The Perth Casino Royal Commission has concluded in a final report that Crown Resorts is not suitable to hold a gaming licence in Western Australia.
Over 50 recommendations were made to Crown Resorts in a 1000-page report that detailed changes to be made in order for the corporation to be deemed appropriate to hold a gaming licence. The report also found that Crown had indeed “facilitated money laundering, bullied regulators, underpaid gambling taxes and broke responsible gambling rules” according to Lead Commissioner Neville Owen.
Other findings included that Crown Perth hid bank accounts for their Riverbank subsidiary and overruled regulations on money laundering within the casino.

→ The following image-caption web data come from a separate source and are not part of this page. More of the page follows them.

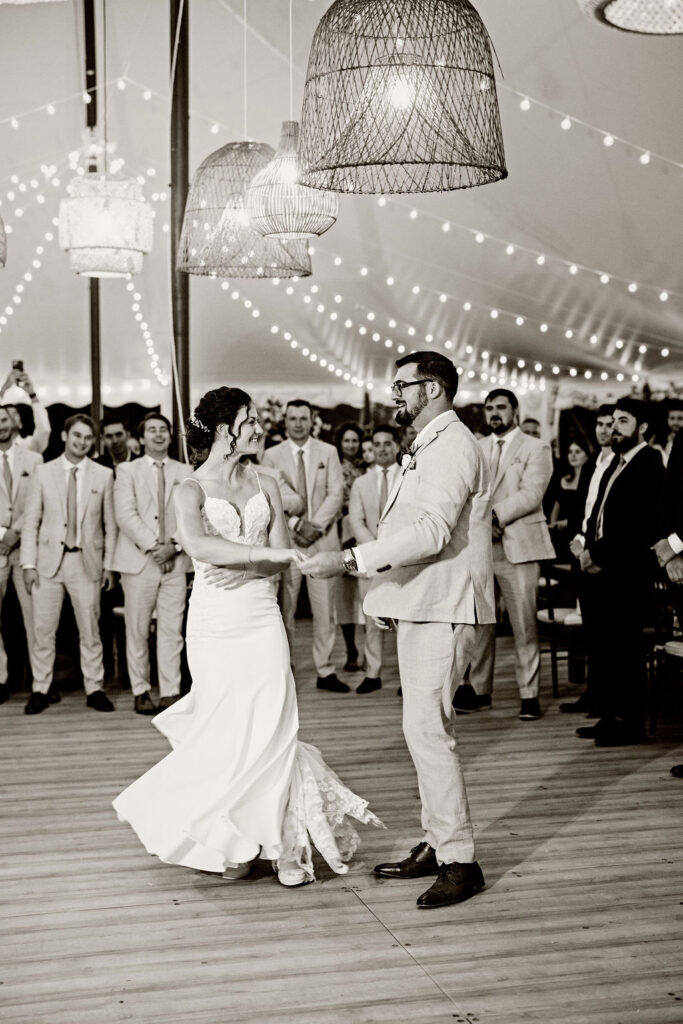 Bride and groom enter their reception under the tent at Mount Hope Farm in Bristol with edison lights and rattan lanterns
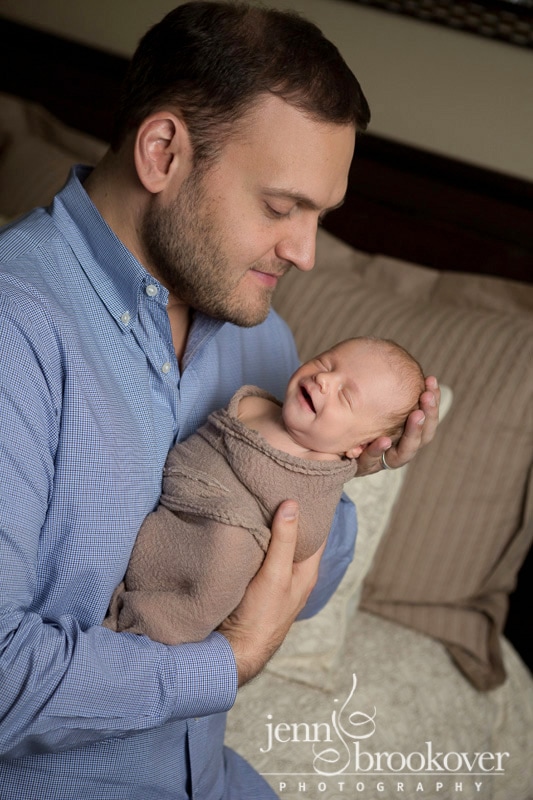 smiley baby boy newborn being held by dad during his newborn session in San Antonio by Jenn Brookover Photography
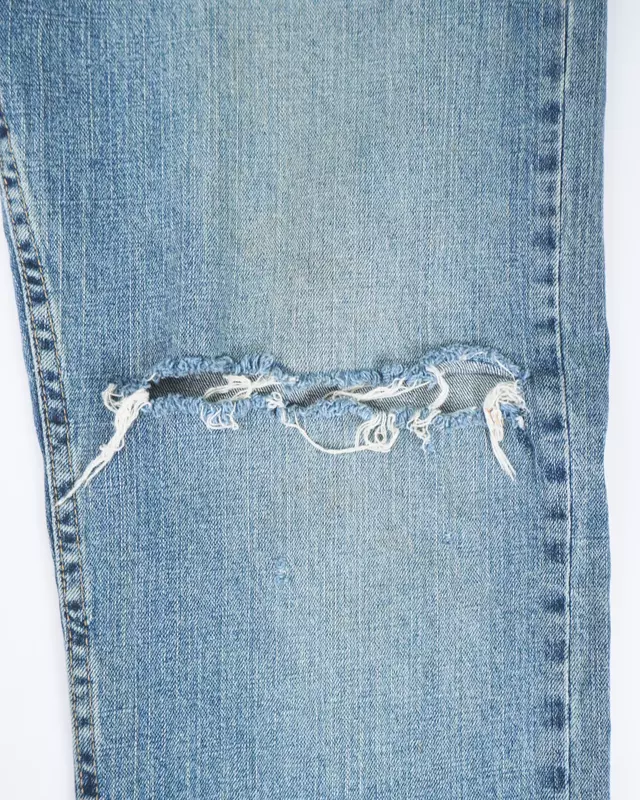 Light Wash Distressed Knee-Rip Relaxed-Fit Jeans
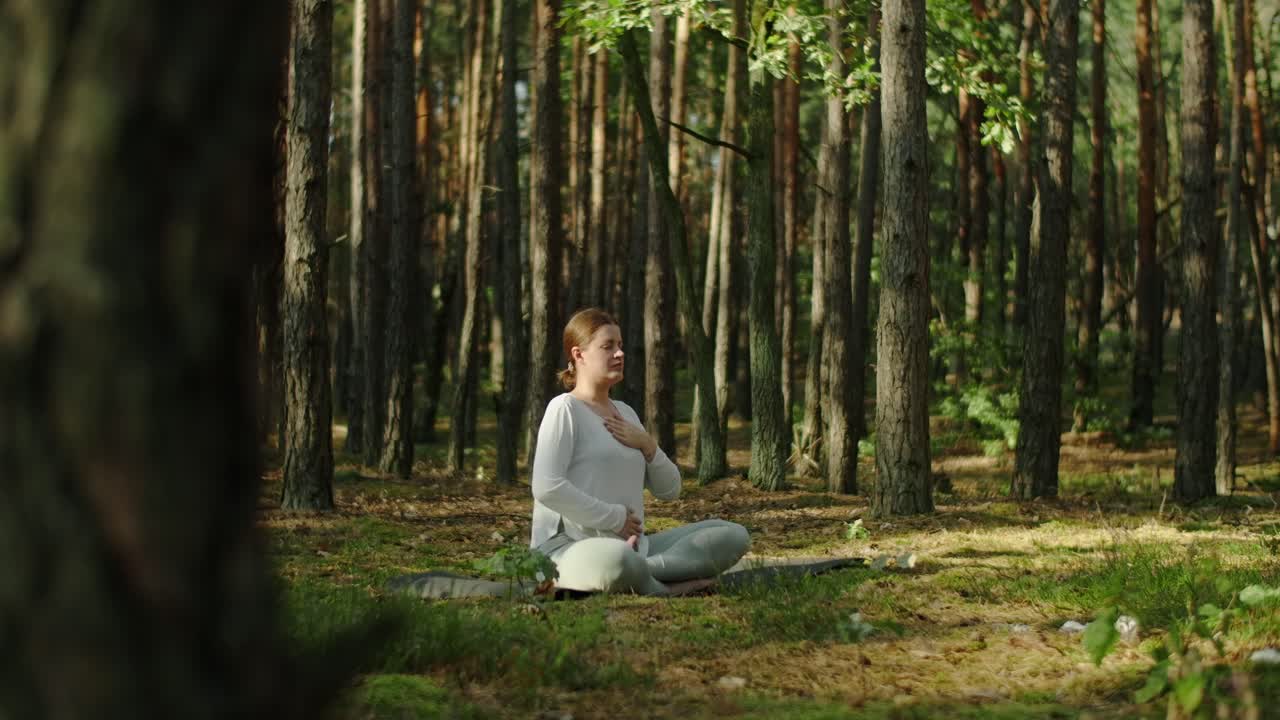 Woman practicing yoga and meditation in a forest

Several recommendations were made by the WA inquiry that included “tougher regulations, more power for the state Gaming Minister and stronger penalties for breaches”
Racing and Gaming Minister Tony Buti said that in order to implement change an independent monitor is to be launched.
“The royal commission found that the Crown entities are not presently suitable to continue to hold the gaming licence for the Perth casino, or to be concerned in or associated with the organisation and conduct of the Perth casino operations,” Mr Buti said.
“The government accepts these findings,
“The royal commission details the remediation activities, which Crown would need to implement to become suitable, and recommends establishing an independent monitor to oversee those remediation activities.”
Although the Royal Commission recognises the unsuitability, Crown Resorts is still allowed to operate its casino in Perth on the condition it makes improvements. Billionaire James Packer who owned 37 per cent of the corporation admitted that he was negligent in his role as Chairman after moving overseas.
Mr Packer recently sold his shares along with the remainder of the company to US private equity firm Blackstone for $8.87bn AUD with his cut to set him back $3.26bn. He has yet to comment on the findings.